:: Data block

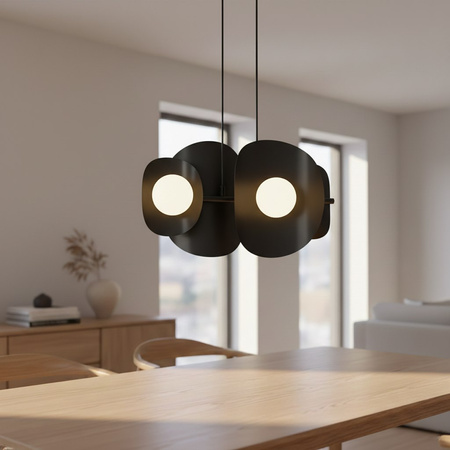 ELEMENTI 4 BLACK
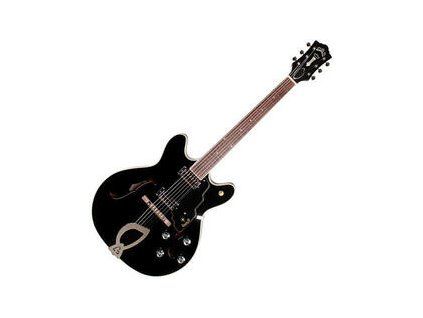Guild STARFIRE-IV-BLK Black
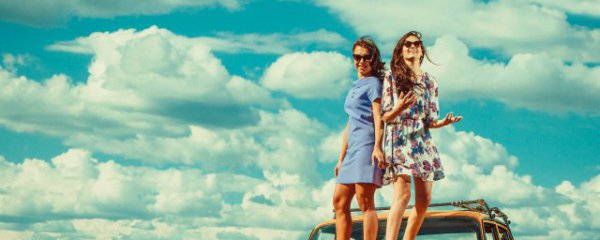 旅游要注意的东西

::::

To do:
Repeat all the material above exactly, apart from the pictures.

Your solution:
 ELEMENTI 4 BLACK
Guild STARFIRE-IV-BLK Black
 旅游要注意的东西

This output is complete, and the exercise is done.